Si el ambiente no era propicio y la reforma urgente, es difícil entender que el Gobierno haya recorrido tanto tiempo a la espera -incluso la espera optimista- de que hubiera acuerdo. Sobre todo cuando, como en las actuales circunstancias económicas, ya no vale de nada la ficción del entendimiento “social” si no se tiene en cuenta, con realismo y sacrificio, el contenido del pacto. En estos últimos días, bajo la presión de los plazos, se ha especulado con un acuerdo de mínimos, rebajado, edulcorado. Nada sería peor porque es el modo de no enfrentarse a los problemas reales. Pero, además, toda esta última negociación se ha llevado a cabo en circunstancias aún más endebles después del anuncio y la aprobación del decreto de recorte del gasto público, ya que los sindicatos lo han enarbolado, aunque no sea el caso, como una declaración de guerra que afectaba a la reforma laboral. Quien esté muy de acuerdo con las reivindicaciones sindicales no podrá negar, sin embargo, que se hacen al margen de la dramática situación de la economía española real.
Con todo ello, llama la atención que el Gobierno haya dejado en manos de esa negociación imposible una materia tan importarte para el crecimiento y el empleo y que es de su evidente competencia. Primero, sin presionar en las conversaciones de un modo eficiente. Después, retrasando una decisión que, por fin, va a tenerse que tomar el próximo día 16 para que Rodríguez Zapatero pueda presentarse al día siguiente en Bruselas con la tarea hecha no se sabe ya en qué demorada convocatoria.

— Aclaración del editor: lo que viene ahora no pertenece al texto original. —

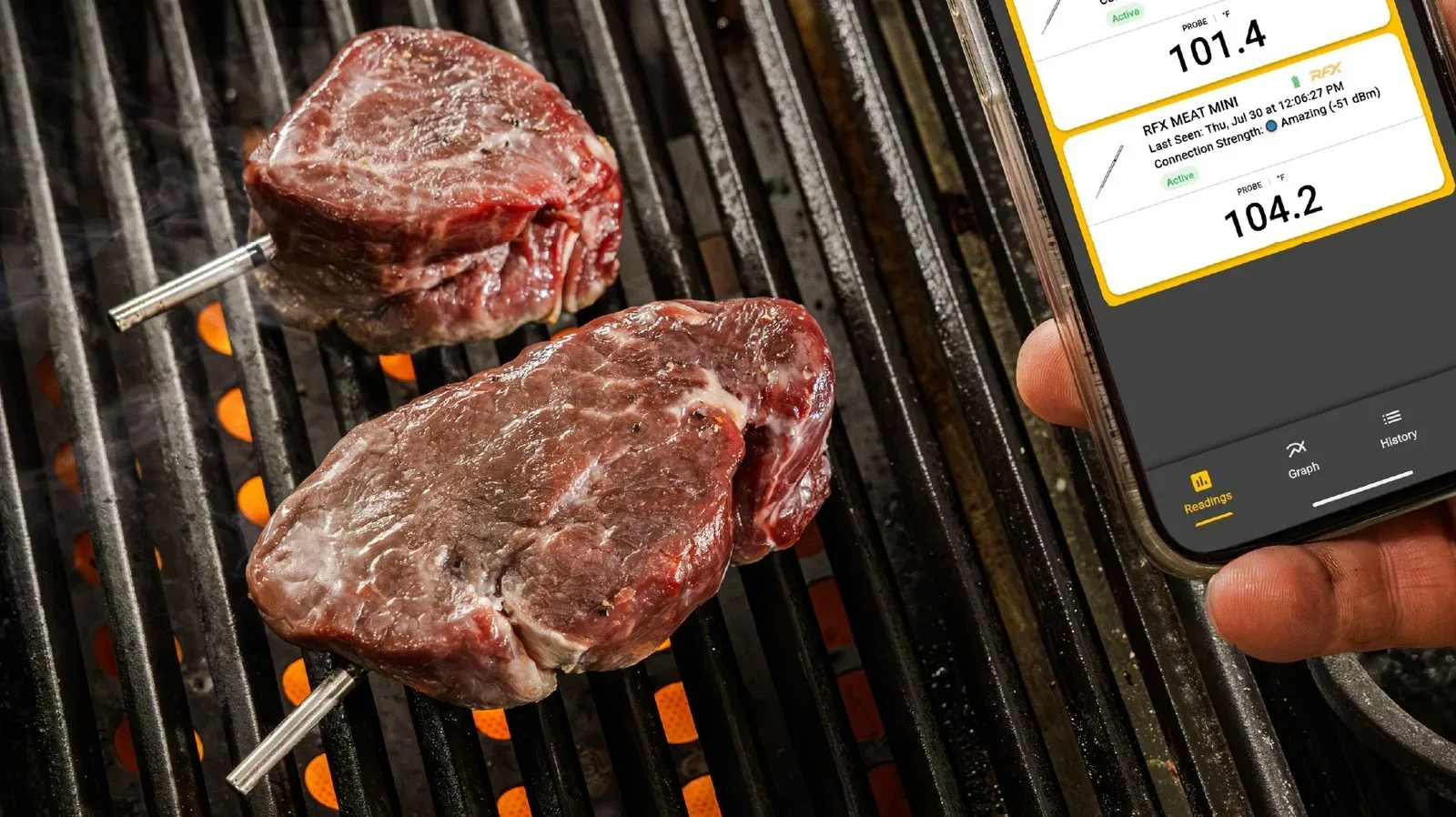 ThermoWorks RFX Meat Mini wireless temperature probe beside its charging block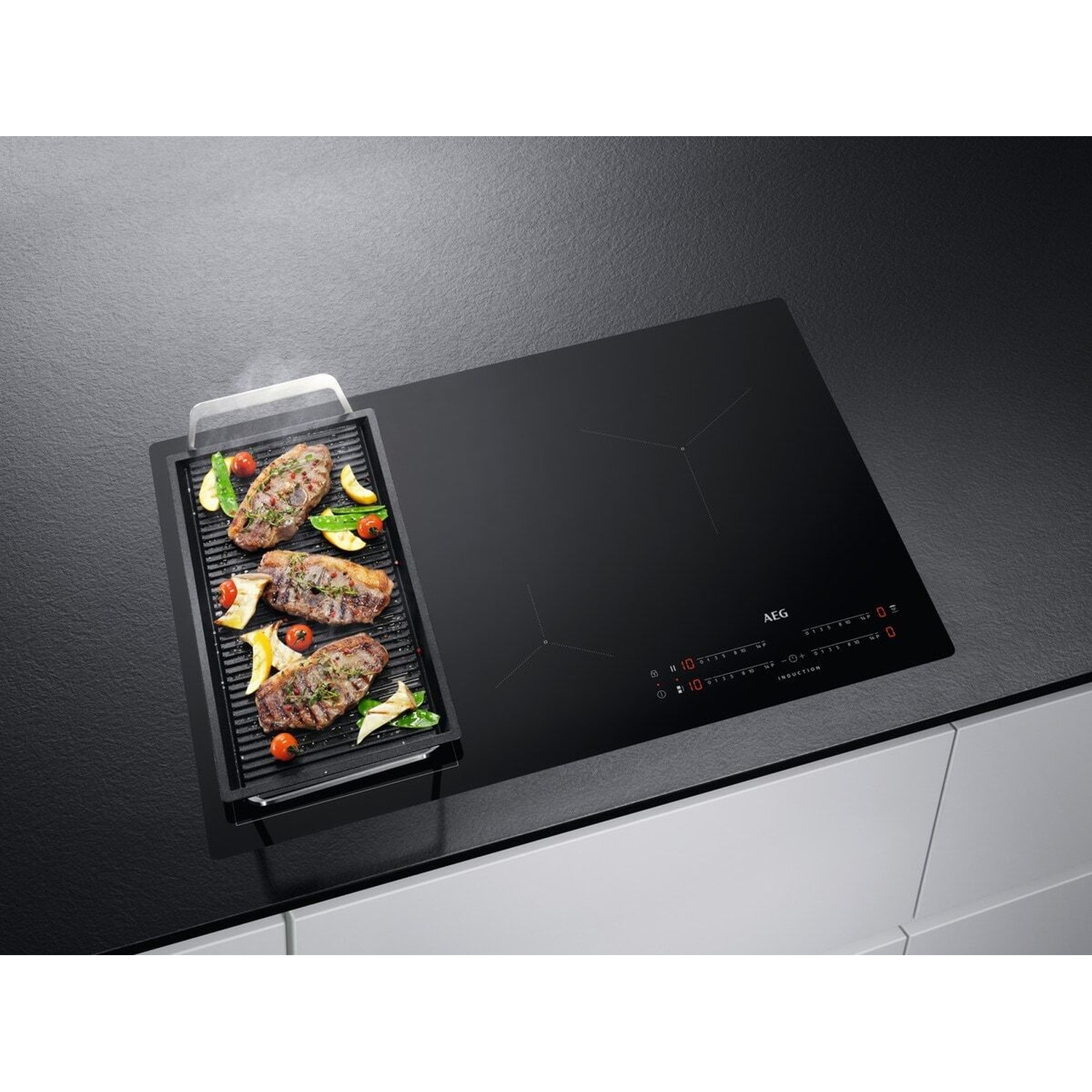 Bistecca e verdure in padella grill su piano cottura a induzione nero con controlli digitali.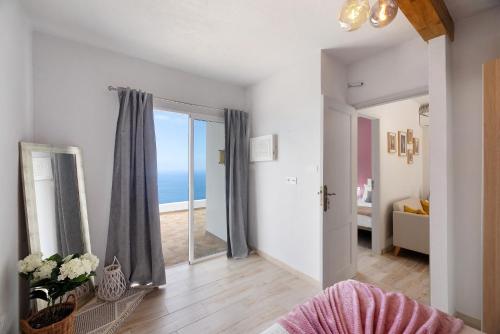 a living room with a view of the ocean at Casa Valista in Tijarafe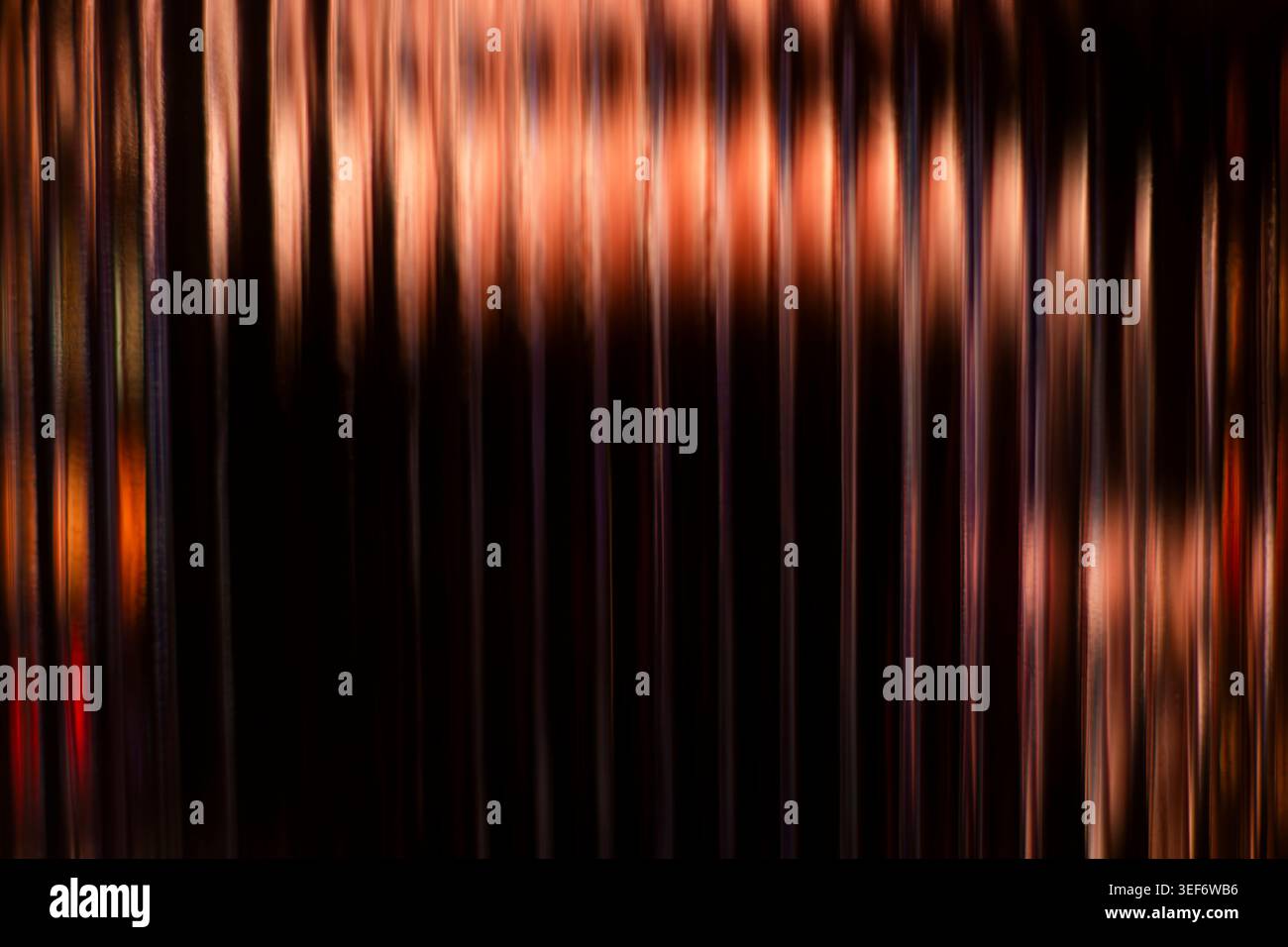 Abstract vertical copper and bronze glowing light streaks background Stock Photo
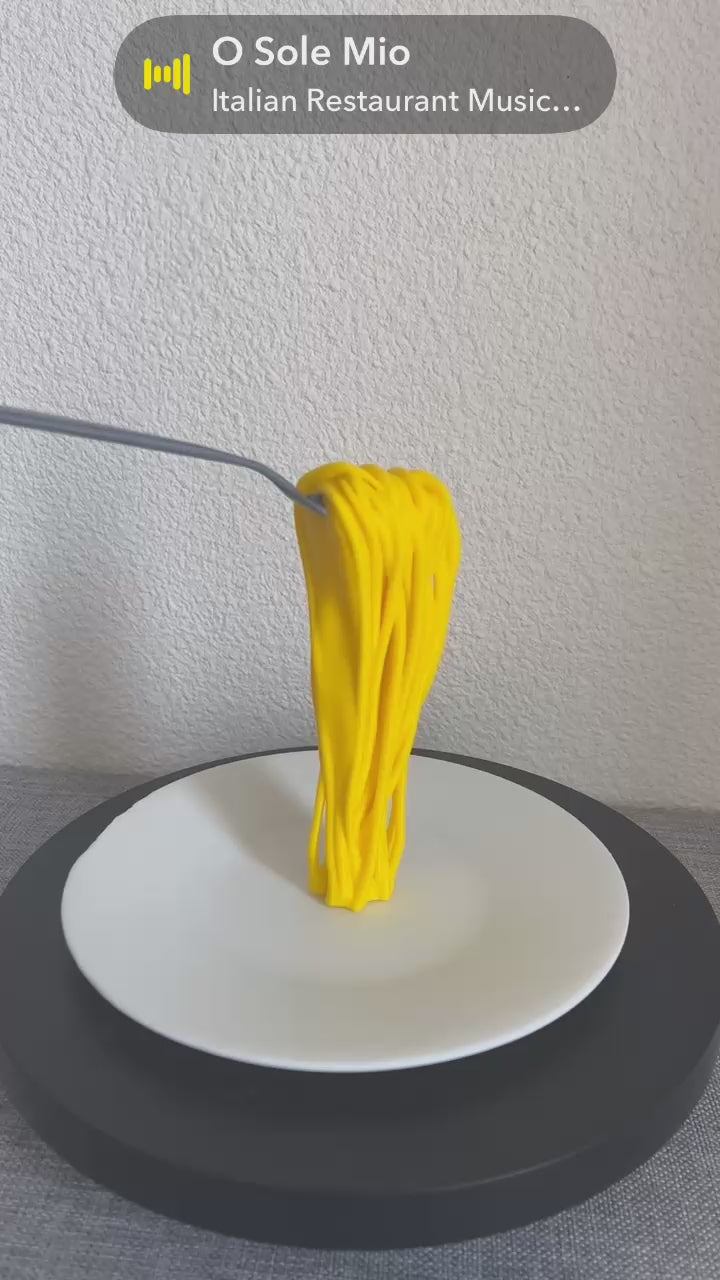 Assiette de spaghettis flottants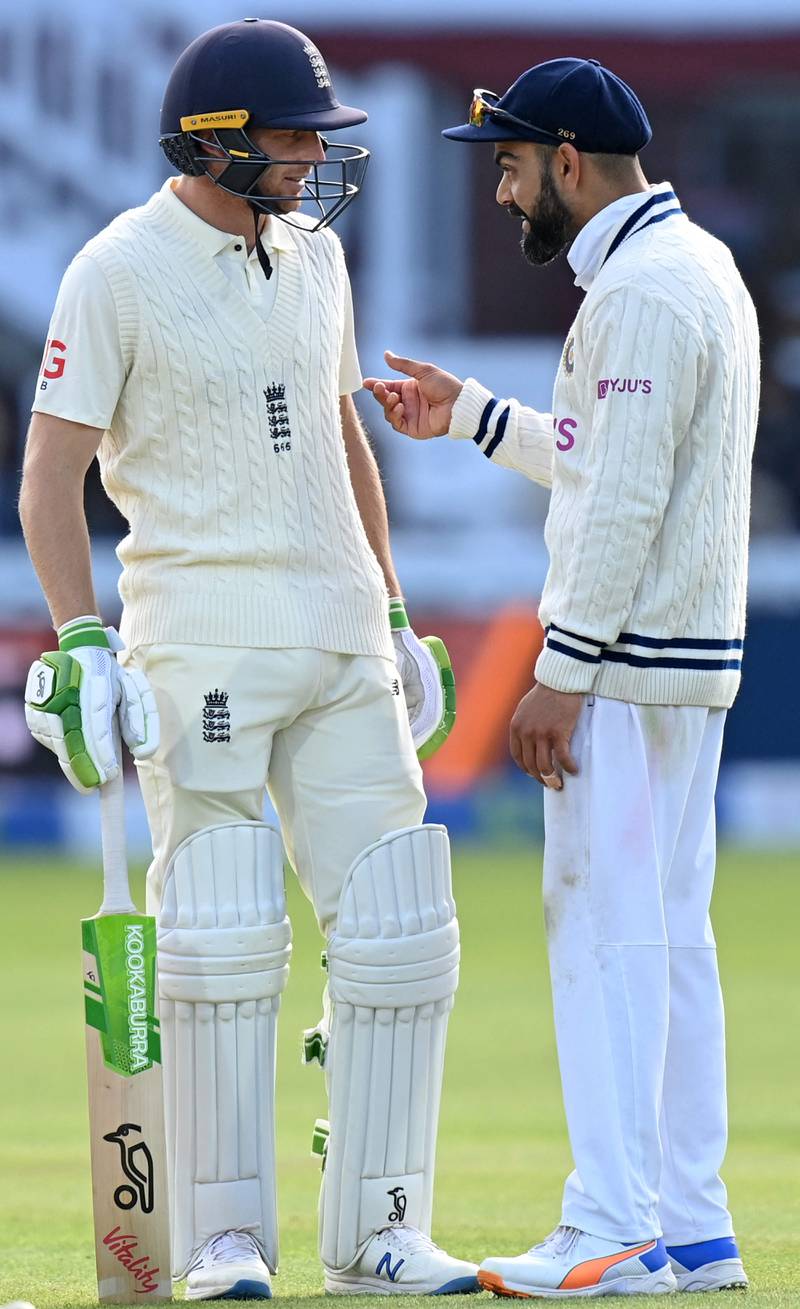 England's Jos Buttler talks to India's captain Virat Kohli on the fifth and final day of the second Test match at Lord's.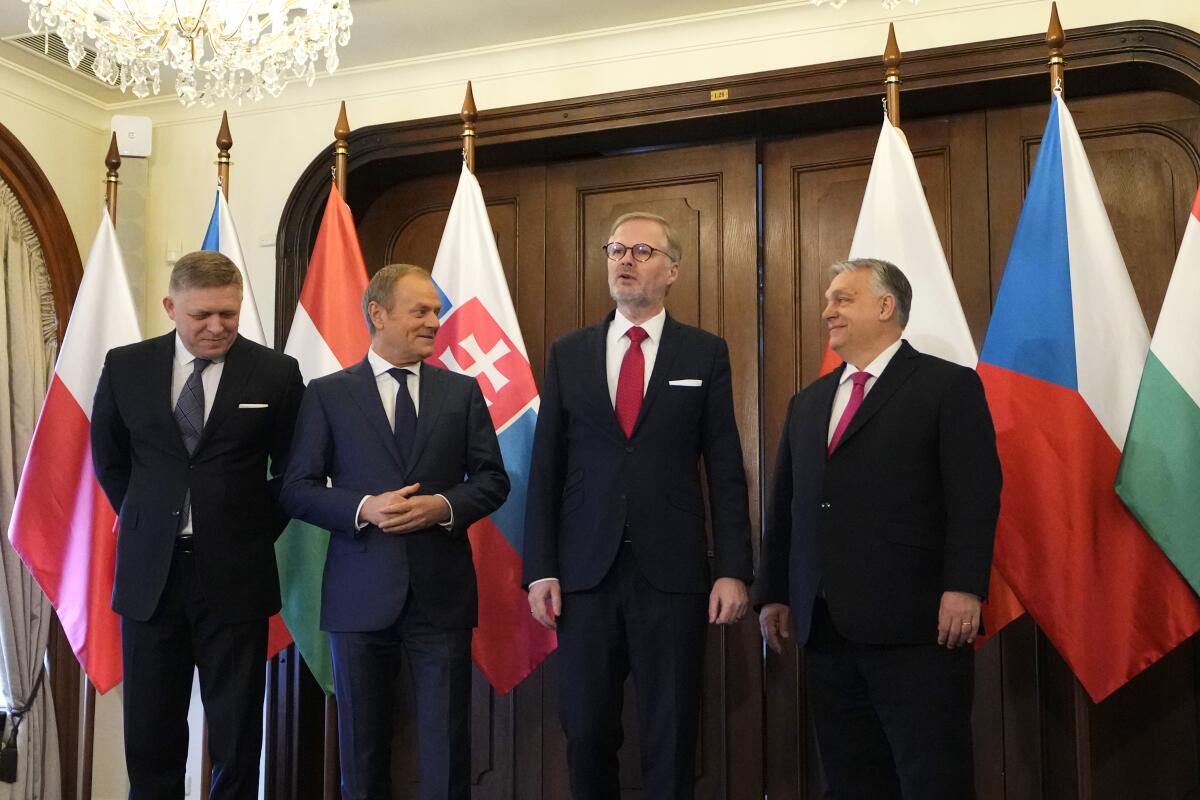 The prime ministers of Slovakia, Poland, Czech Republic and Hungary pose for a photo.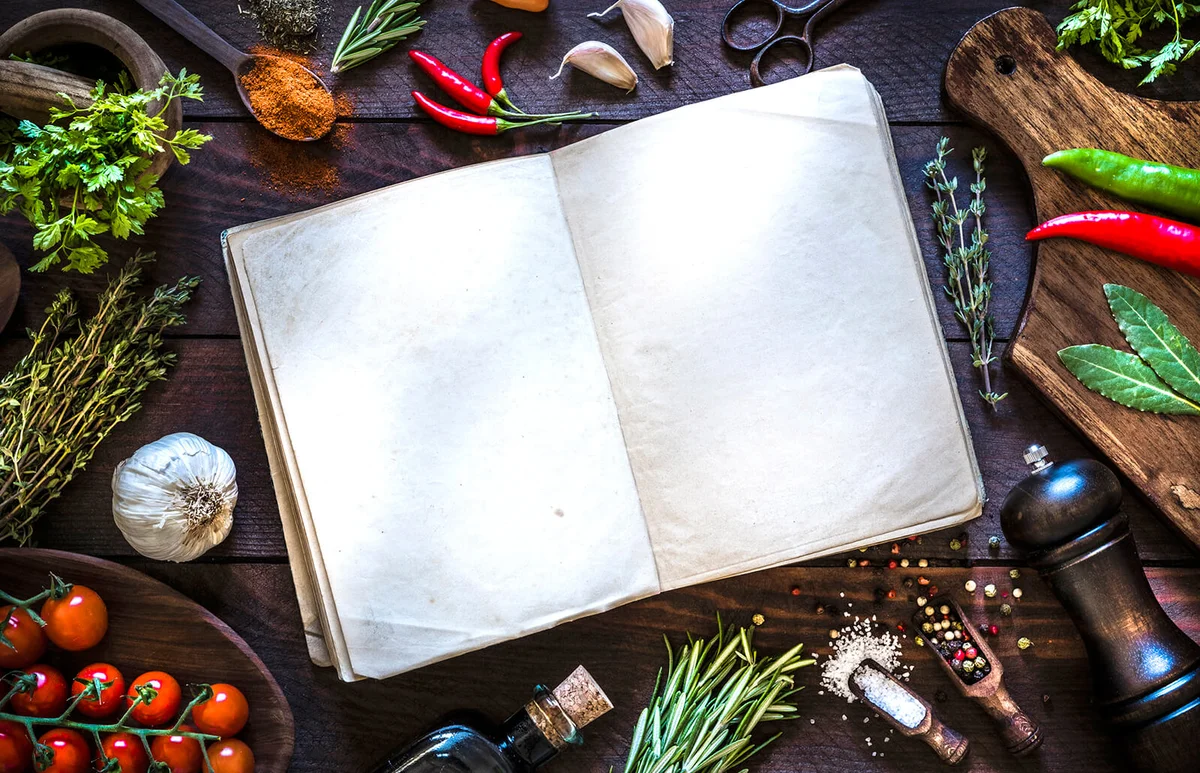 Vintage cookbook with spices and herbs on rustic wooden background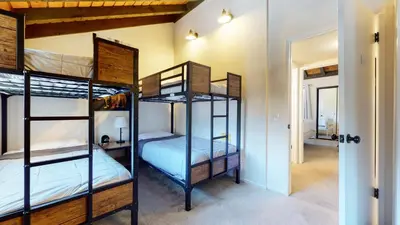 two bunk beds in a room with a hallway at La Vista Blanc #16 condo in Mammoth Lakes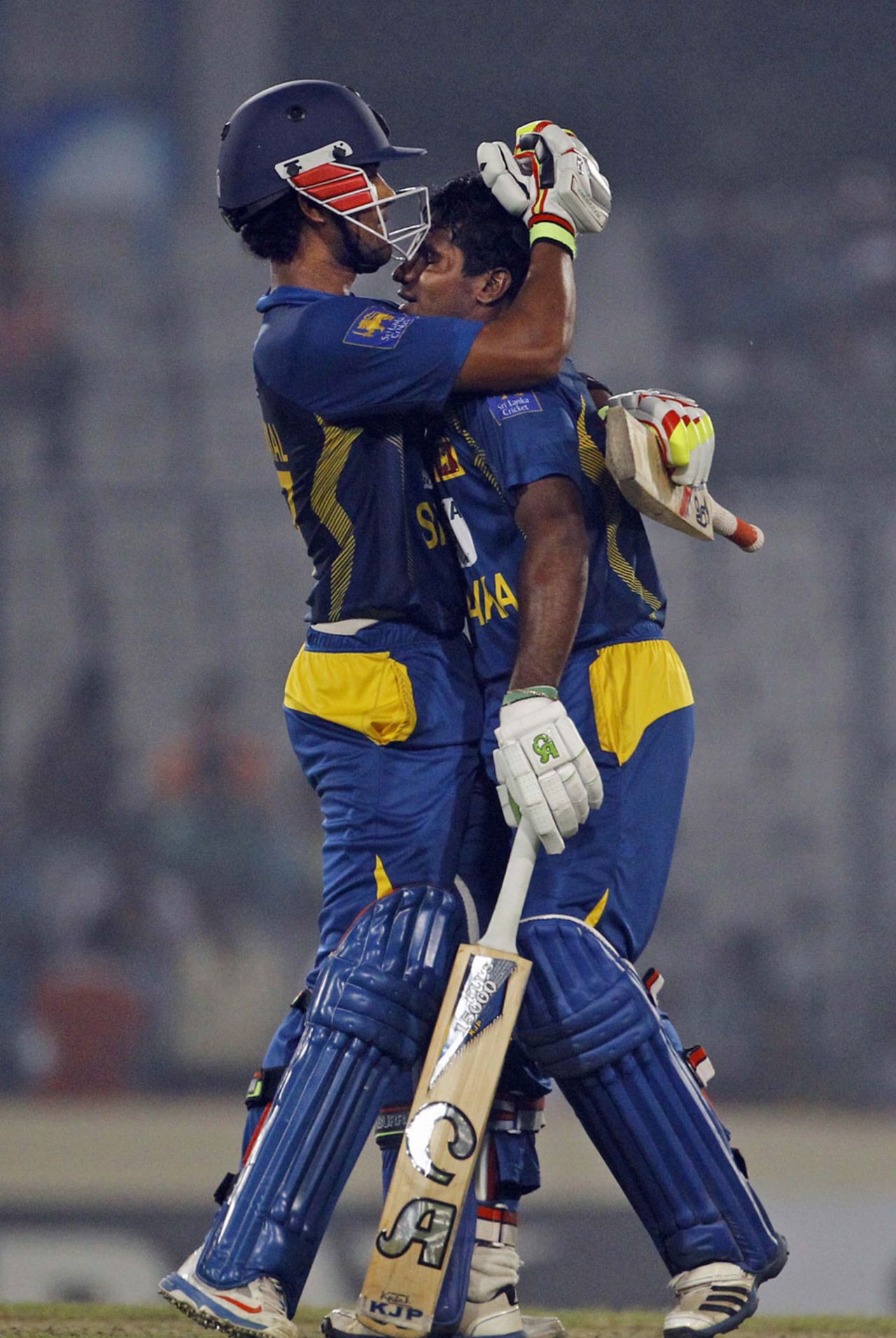 Dinesh Chandimal and Kusal Perera fall into an embrace, Bangladesh v Sri Lanka, 3rd ODI, Dhaka, February 22, 2014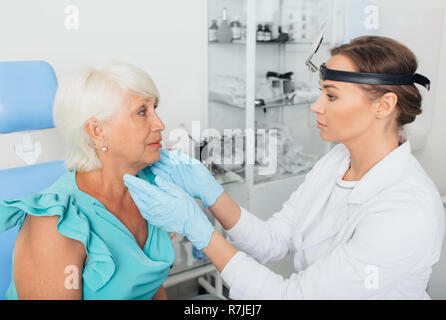 Il medico ORL esaminando gola della donna senior presso la clinica Foto Stock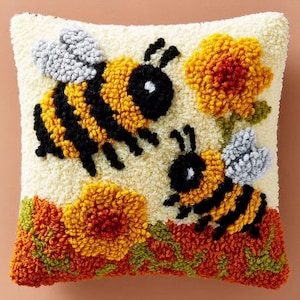 May include: A square throw pillow featuring a textured punch needle design on a cream background. The design displays two bees with black and yellow striped bodies and light gray wings, surrounded by orange and yellow flowers with green stems.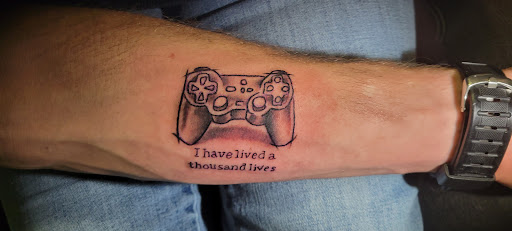 Explore face tattoo ideas for females, creative tattoo ideas in Angola, available at Hoodlum Ink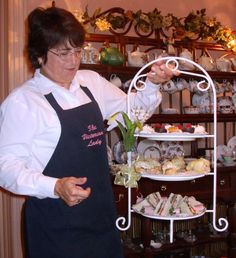 a woman in an apron standing next to a cake stand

Para juzgar lo que decida el Gobierno a mediados de mes habrá que esperar, naturalmente, a conocerlo. El coste de la decisión, indudable, debería servir para eliminar las rigideces de nuestro sistema laboral, que son evidentes y reconocidas por todos, buscar las modalidades de contrato que nos hagan más competitivos y evitar la permanente y nefasta judicialización de los despidos objetivos. Quedarse a medio camino no ayudará al crecimiento y tampoco evitará las protestas.